<<<<

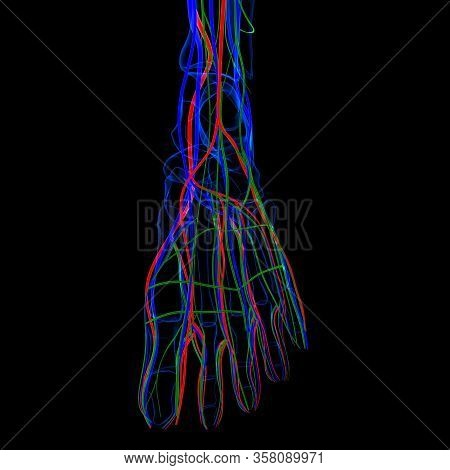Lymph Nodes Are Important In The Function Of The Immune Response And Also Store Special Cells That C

>>>>
<<<<

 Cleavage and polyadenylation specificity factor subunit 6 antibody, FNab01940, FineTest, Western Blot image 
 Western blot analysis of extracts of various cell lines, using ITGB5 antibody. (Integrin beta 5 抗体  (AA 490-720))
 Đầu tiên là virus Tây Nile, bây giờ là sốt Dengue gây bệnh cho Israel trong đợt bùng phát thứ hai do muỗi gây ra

>>>>

INSTRUCTIONS FOR THE TASK: Single out each line of the records above with the string "Western" in it, and copy it.

ANSWER BELOW:
 Cleavage and polyadenylation specificity factor subunit 6 antibody, FNab01940, FineTest, Western Blot image 
 Western blot analysis of extracts of various cell lines, using ITGB5 antibody. (Integrin beta 5 抗体  (AA 490-720))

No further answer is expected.